Its crew of sailors were all new to this, but they laughed as they rode the waves and tested their time-proven craft on waters so far from its home.
“It’s a great platform for teaching language, culture and history,’’ said Vincente “Vince” Diaz of the watercraft. He brought the outrigger canoe to Randall’s Milan Beach Resort on Lac qui Parle Lake on Sept. 3.
His crew of paddlers were members of Milan’s Micronesian community. Some said they remember seeing outrigger canoes on their home island in the State of Chuuk, a part of the Federated States of Micronesia. They were very young at the time, maybe 5 years old, said one of the paddlers, Michael Elias. None had prior experience with the craft.
Diaz is an associate professor of American Indian studies at the University of Minnesota. A native of Guam, he is a researcher and author on the indigenous people of the Pacific.
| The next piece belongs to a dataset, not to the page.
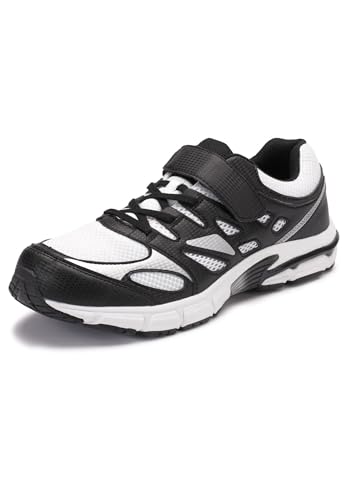 KingSize Men's No-Tie Sneakers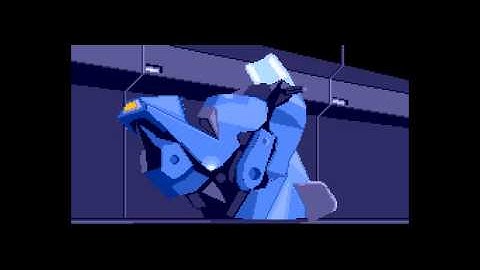 Flashback Acorn Archimedes   Intro and Menu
He has a great interest in outrigger canoes, and once produced a documentary on their important role in the lives of the people of the Pacific.
“They are the most dispersed people in the world,’’ said Diaz of what are known as the Austronesian people. Thanks to their watercraft, they can be found from Southeast Asia to the east coast of Africa. Remnants of their outrigger and double-hulled canoes have also been found on the western coasts of Peru and California. Their arrival in the Americas pre-dates Columbus by 400 or more years, he said.
The outrigger canoe that rode the waters of Lac qui Parle Lake so easily had been built in Guam, but its design and technology owe to the people living on a small atoll in the state of Chuuk known as Polowat. Diaz said some of the people on the state’s more remote islands had preserved the culture and technology of outrigger canoes.
A revival has been taking place, and the use of the sea-worthy craft is being encouraged for modern day fishing and transport. “They’ve revived the traditions in the last 30 to 40 years in real, spectacular ways,’’ said Diaz.
This craft was displayed at the Smithsonian Institute in Washington D.C. as part of a world conference on indigenous people. The expense of shipping it back led the Institute to ask Diaz if he was still interested in keeping it instead. “Of course,’’ he said.
He has previously taught at the University of Michigan and the University of Illinois. This craft has proven itself - and attracted plenty of attention - on a lake near Champagne, Illinois.
It attracted lots of attention at Randall’s Milan Beach Resort too. Before they took it to the water, Diaz offered instructions to his sailors, along with lessons on how to raise its sail. Diaz judged wind conditions too risky for a novice crew of sailors that day, but plans are to bring it back to the lake on calmer days.
Diaz and his colleague, David Chang, American Indian instructor with the University of Minnesota, are hoping to help the Micronesian community build an outrigger canoe of their own this coming year.
They are also reaching out to the Dakota and Ojibwe communities. They are interested in discussing the canoe cultures of Minnesota’s native communities.